Try it:
Any images in the material are to be dropped while every line is retyped exactly.

Collected material:
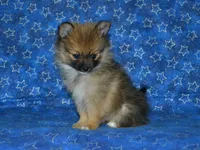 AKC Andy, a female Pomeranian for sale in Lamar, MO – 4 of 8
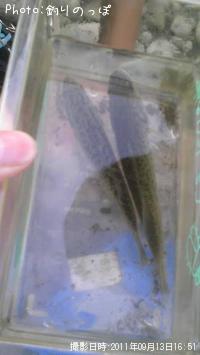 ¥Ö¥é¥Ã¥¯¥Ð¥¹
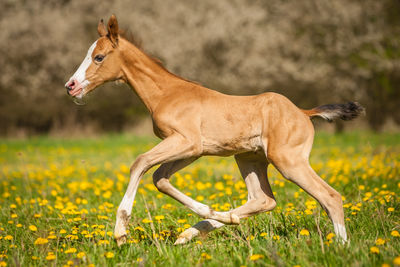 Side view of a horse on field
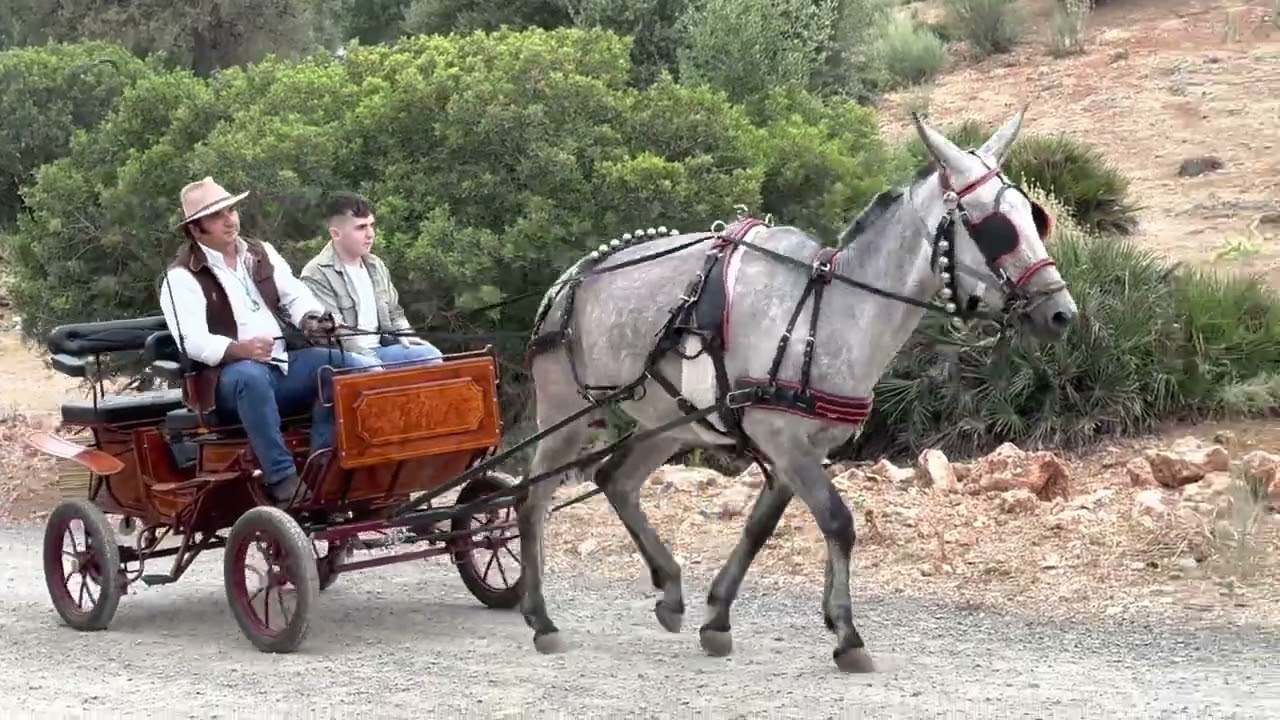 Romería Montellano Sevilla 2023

Solution to this exercise:
 AKC Andy, a female Pomeranian for sale in Lamar, MO – 4 of 8
 ¥Ö¥é¥Ã¥¯¥Ð¥¹
 Side view of a horse on field
 Romería Montellano Sevilla 2023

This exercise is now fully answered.